Japanese Society for Biopharmaceutical Statistics - Since 1979 (1st 1979~2007, 2nd 2007~)

私の不携帯電話

胸ポケットに振動がする。携帯電話が鳴っているのである。「何?大野さんが携帯電話などと言う文明の利器を持っているの?信じられない!」という声が聞こえてきそうである。私もそう思う。

実は、全く興味がないし、持ちたくもなかったのである。しかし、昨年の夏に、数学工房の桑野氏から、万一連絡をとるときに必要だから携帯電話を所持してくれ、と強く勧められたのであった。しかも、「自分も持つから」とまで念を押されては、承諾する他はなかった。

我が社のスタッフに意見を聞いたら、まるで待ってましたとばかりに賛成され、その日のうちに高塚君が買いに出かけ、あっという間に手許に携帯電話がもたらされたのである。

しかし、私は普段は持ち歩かない。机上に置いてある。何故なら、必要を感じないから。用件は会社の電話で十二分に果たされているし、mailもある。実際、私の携帯にはi-mode機能は付いていない。

携帯でなければならない連絡と言うのもないのである。

出張に行くときは、携帯を持って出る。よく忘れて取りに帰ったり、当社のスタッフに注意されたりして、ようやく持って出る有様ではあるのだが。

出張時の行動は、歩いているか、列車に乗っているか、相手先で会話をしているかのどれかに限られる。ポケットにでもしのばせておくと、発信音も聞こえないし、着信を確かめている余裕もない。そうこうするうちに会議も終ってしまい、夕方5時を過ぎてしまう(スタッフの帰宅の時間)。ほとんど役に立てたことがないのである。

たまたま、小社が事務局をやっている医薬安全性研究会の96回定例会(2003年11月1日)で、発表のなかで、「携帯電話の着メロはカスタマイズがあたりまえ」という紹介があった。これによると、変更したことはない人は、どの年齢層でも5%以下だそうである。(携帯電話の着メロの変更頻度「あなたはデフォルト派ですか、カスタマイズ派ですか?」土井美和子、情報処理 44巻3号 より)

私は、そのまれなる5%の中に入っている、という訳だ。と言うか、そもそも、私の携帯には着信メロディーなど装備されていない。
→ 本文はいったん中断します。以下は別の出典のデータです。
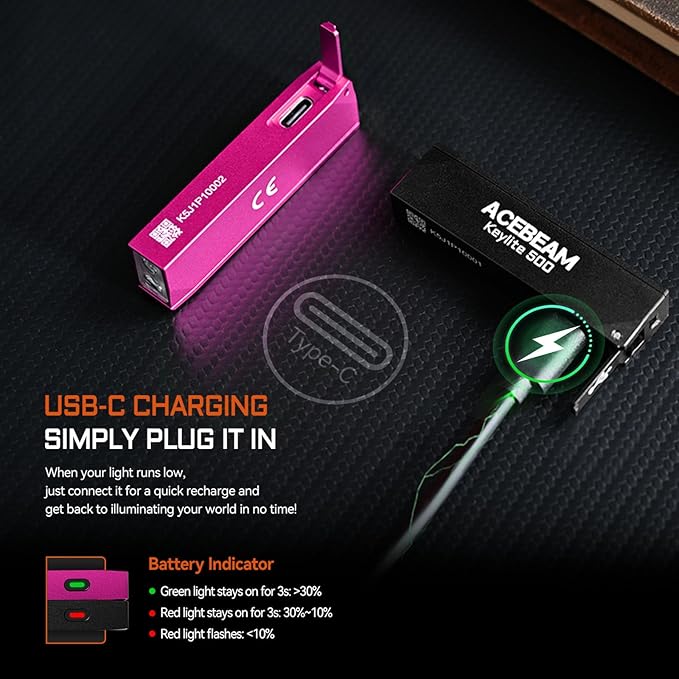 ACEBEAM Keylite 500 High Lumens Keychain Flashlight Rechargeable, Ultra-Compact Flat Pocket EDC Flashlight with Dual LEDs, 6 Modes, Type-C Charging, Small MINI Flash Light for Emergency, Home, Outdoor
マナーモードにしたままなので、振動しているだけである。

私の、こうした携帯電話への無関心に輪をかけているのが、マニュアル嫌いである。持っているドコモの取扱説明書は500頁近くあり、まず、読む気がしない。そこで、クイックマニュアルを見るのだが、理解できない。ほとんど説明がないからである。例えば「着信履歴」を調べようとする。マニュアルには、「イージーメニュー「着信履歴」選択」としか書かれていないが、そもそも、どういう操作によって選択できるのかが、よく分からないから、やたらにキーを押したり、スクロールしたりする。今日、取扱説明書の着信履歴の項をじっくりと読んで、やっとセレクターの使い方が分かったという次第である。そんな訳だから、電話帳の登録すらまだやらないでいる。といった有様であり、要するに最低限の電話としてしか機能していないのだ。

やれやれ、今日は、一体、何回「ない」を使ったことだろう。

ちなみに、桑野氏の携帯は、その後奥さんに占領されて、今は持っていない、と言うことだ。

えっ?私の携帯の番号を教えて?すいません。私もまだ覚えていないんですよ。